Jednocześnie skazany musi zapłacić grzywnę w wysokości 30 tys. szekli (7,4 tys. euro).

Francka aresztowano w lutym 2018 roku; był wówczas zatrudniony w konsulacie jako kierowca.

Zdaniem sądu skazany “cynicznie nadużywał” swojej pozycji, gdy samochodem służbowym przewiózł w sumie 70 pistoletów i dwa karabiny automatyczne przez terytorium Izraela między Strefą Gazy a Zachodnim Brzegiem Jordanu.

Według portalu Times of Israel 24-letni Franck wykazał skruchę i podkreślił, że jego motywacją były pieniądze, a nie chęć działania na rzecz palestyńskich grup terrorystycznych.

Zdaniem izraelskich urzędników mężczyzna działał na własną rękę, bez wiedzy konsulatu; w ocenie Times of Israel, sprawa nie miała wpływu na francusko-izraelskie relacje dyplomatyczne. (PAP)

Romain Franck

Jakie to niezbadane pokłady głupoty tkwią w człowieku. To stwierdzenie zakłada to, że pan Franck nie sympatyzował z palestyńskimi bandziorami. W tak niezwykłą i niespotykaną głupotę nie wierzę niestety.

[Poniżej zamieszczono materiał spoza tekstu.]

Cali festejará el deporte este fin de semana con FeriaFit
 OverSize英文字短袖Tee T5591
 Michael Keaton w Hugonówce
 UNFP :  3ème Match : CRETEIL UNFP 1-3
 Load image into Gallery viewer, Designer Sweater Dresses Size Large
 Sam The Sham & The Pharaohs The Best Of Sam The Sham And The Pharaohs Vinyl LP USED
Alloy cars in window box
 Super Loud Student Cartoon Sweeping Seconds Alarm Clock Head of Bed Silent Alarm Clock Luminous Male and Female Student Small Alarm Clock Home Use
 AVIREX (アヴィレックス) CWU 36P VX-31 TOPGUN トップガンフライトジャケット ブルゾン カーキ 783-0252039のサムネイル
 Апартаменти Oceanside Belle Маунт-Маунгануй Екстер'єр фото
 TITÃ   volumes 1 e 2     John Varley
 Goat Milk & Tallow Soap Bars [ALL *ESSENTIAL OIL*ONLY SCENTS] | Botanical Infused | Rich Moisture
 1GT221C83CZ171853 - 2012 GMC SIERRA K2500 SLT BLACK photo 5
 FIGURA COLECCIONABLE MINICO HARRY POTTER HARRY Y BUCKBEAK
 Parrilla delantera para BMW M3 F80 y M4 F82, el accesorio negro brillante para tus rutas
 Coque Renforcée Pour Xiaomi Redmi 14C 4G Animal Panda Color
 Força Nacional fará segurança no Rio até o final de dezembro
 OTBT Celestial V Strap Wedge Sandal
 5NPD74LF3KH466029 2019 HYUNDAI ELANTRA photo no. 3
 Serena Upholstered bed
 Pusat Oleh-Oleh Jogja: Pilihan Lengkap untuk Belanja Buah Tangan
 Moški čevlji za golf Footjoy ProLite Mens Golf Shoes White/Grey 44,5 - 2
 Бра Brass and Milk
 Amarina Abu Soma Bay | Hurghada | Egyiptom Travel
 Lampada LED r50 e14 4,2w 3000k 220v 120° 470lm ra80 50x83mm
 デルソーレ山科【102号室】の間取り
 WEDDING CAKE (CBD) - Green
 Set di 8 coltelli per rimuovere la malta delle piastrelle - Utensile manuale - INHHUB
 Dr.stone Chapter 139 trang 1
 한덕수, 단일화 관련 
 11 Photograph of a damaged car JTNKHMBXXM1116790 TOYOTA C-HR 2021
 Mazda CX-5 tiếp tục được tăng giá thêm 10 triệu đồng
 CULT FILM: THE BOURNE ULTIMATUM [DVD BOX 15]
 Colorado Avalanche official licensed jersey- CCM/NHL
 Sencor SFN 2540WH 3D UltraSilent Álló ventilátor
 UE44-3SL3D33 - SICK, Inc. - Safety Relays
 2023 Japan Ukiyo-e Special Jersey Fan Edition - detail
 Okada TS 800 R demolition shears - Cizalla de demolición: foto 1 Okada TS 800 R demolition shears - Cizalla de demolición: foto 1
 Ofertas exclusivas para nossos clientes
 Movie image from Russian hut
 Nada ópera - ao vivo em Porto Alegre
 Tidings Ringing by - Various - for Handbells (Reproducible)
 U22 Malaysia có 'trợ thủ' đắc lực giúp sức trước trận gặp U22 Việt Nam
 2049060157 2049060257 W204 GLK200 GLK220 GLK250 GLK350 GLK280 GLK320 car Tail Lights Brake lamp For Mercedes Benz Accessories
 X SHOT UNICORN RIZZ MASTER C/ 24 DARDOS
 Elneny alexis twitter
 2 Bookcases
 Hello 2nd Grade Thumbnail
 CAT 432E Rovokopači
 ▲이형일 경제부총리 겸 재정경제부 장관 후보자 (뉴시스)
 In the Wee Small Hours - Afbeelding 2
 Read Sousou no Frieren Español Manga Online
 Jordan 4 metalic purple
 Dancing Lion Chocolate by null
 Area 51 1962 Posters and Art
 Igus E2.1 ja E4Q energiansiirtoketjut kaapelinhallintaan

Moim zdaniem ten facet przemycał broń dla terrorystów z zamiłowania do palestyńskiego dżihadu, czy jak to mówią Palestyńczycy, intifady i z nienawiści do Żydów. To moim zdaniem wychowanek pokolenia antyżydów, co to w z faktu życia Żydów na świecie wywodzą przyczynę zła całego świata.

To oczywiście moje zdanie, bo jak widać z depeszy PAP, nie udowodniono mu tego miłowania palestyńskich terrorystów.